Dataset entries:
········
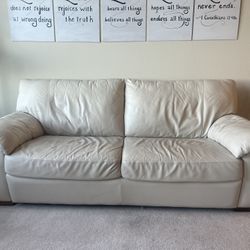 Cream Leather Couch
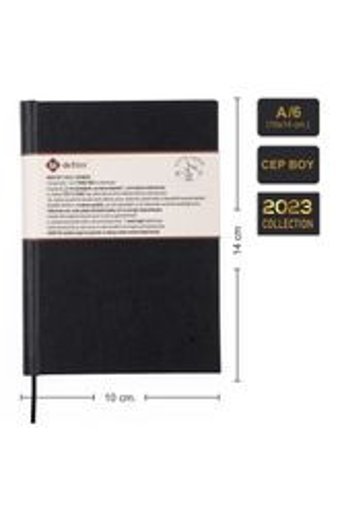 Bidefter A5 100 Yaprak Çizgisiz Dikişli Sert Kapak 1 Adet Okul Defteri Siyah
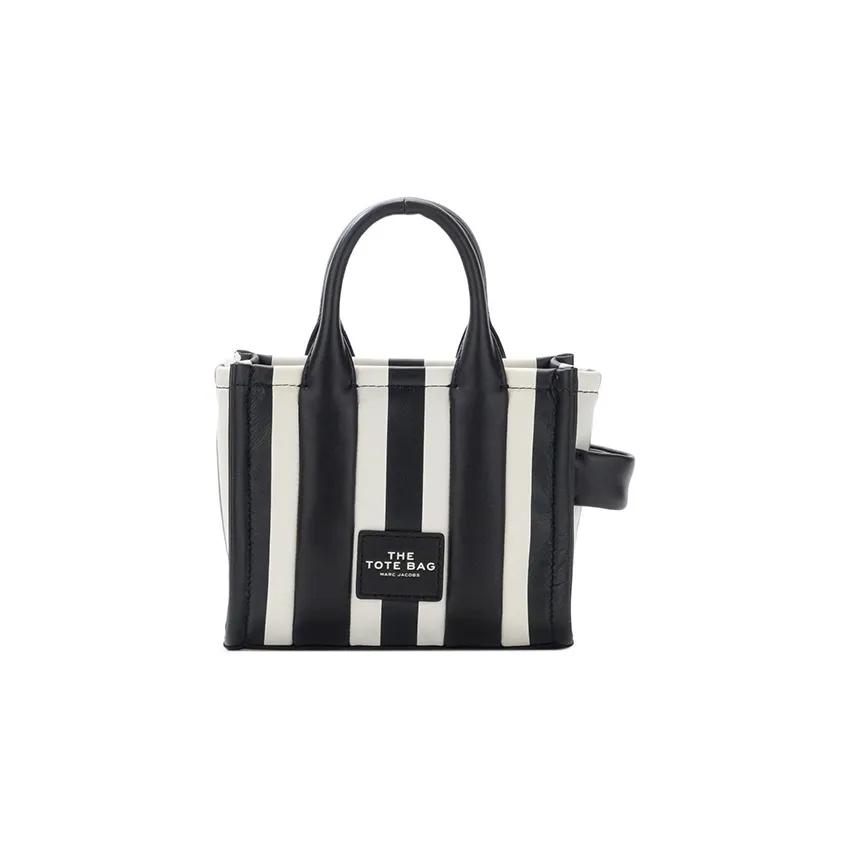 MARC JACOBS Leather Tote Bag, Shopping Bag, Shoulder Bag, Crossbody Bag, Handbag Regular Women's Black/White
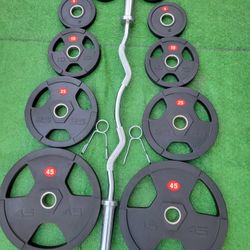 WEIGHTS SET AND 4FT CURLED BARBELL 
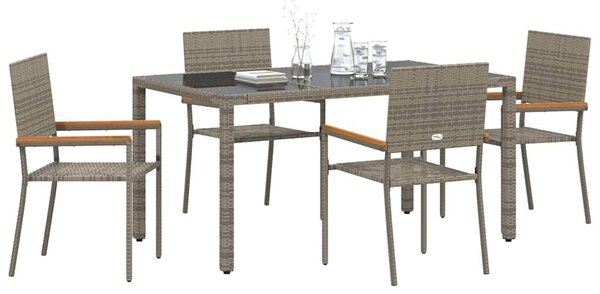 VidaXL Kert étkező szett 5 pcs Szürke 150 x 90 x 75 cm polirattan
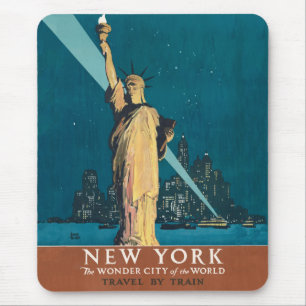Vintage New York Wonder City Statue of Liberty Art Mouse Pad
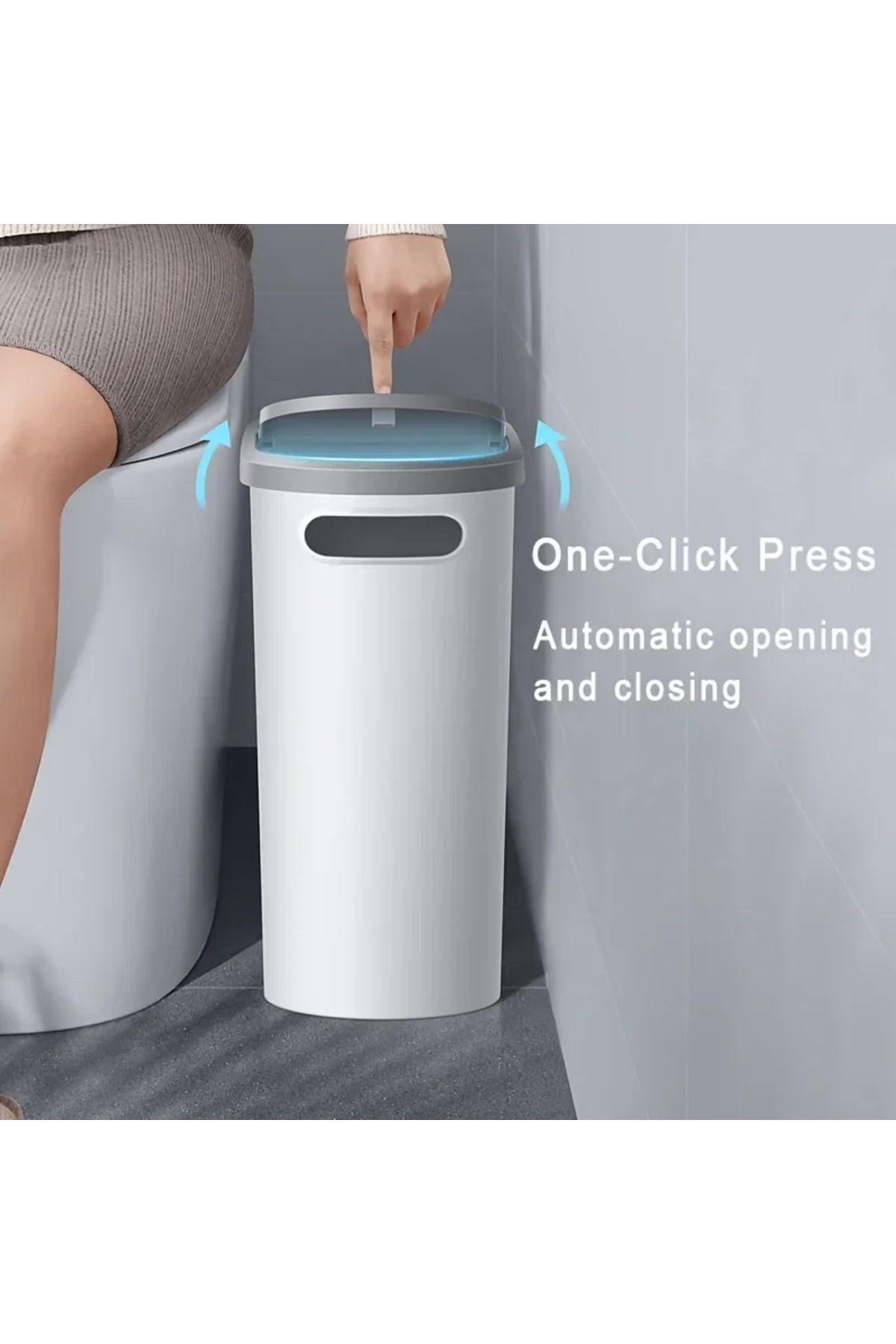 Choice-WHITE 10L Large Capacity Silent Closed Plastic Bathroom Garbage Bin - Space saving Design, Creative 1
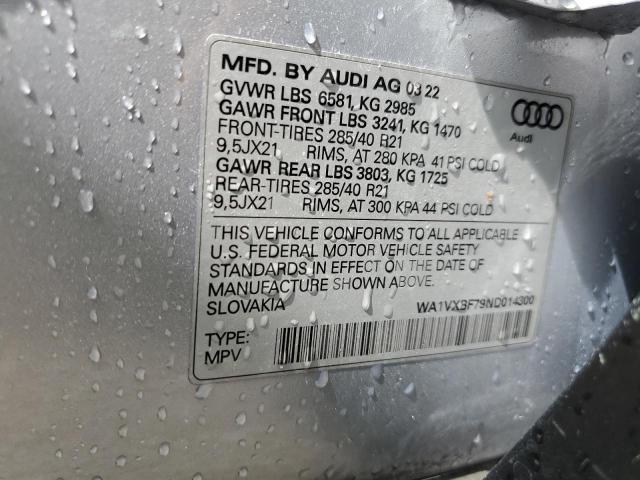 WA1VXBF79ND014300 - 2022 AUDI Q7 PRESTIG SILVER photo 10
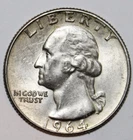 1964-D Washington Quarter - 90% Silver - Extra Fine - #0704EA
········
Output the data above verbatim, pictures excluded.

 Cream Leather Couch
 Bidefter A5 100 Yaprak Çizgisiz Dikişli Sert Kapak 1 Adet Okul Defteri Siyah
 MARC JACOBS Leather Tote Bag, Shopping Bag, Shoulder Bag, Crossbody Bag, Handbag Regular Women's Black/White
 WEIGHTS SET AND 4FT CURLED BARBELL 
 VidaXL Kert étkező szett 5 pcs Szürke 150 x 90 x 75 cm polirattan
Vintage New York Wonder City Statue of Liberty Art Mouse Pad
 Choice-WHITE 10L Large Capacity Silent Closed Plastic Bathroom Garbage Bin - Space saving Design, Creative 1
 WA1VXBF79ND014300 - 2022 AUDI Q7 PRESTIG SILVER photo 10
 1964-D Washington Quarter - 90% Silver - Extra Fine - #0704EA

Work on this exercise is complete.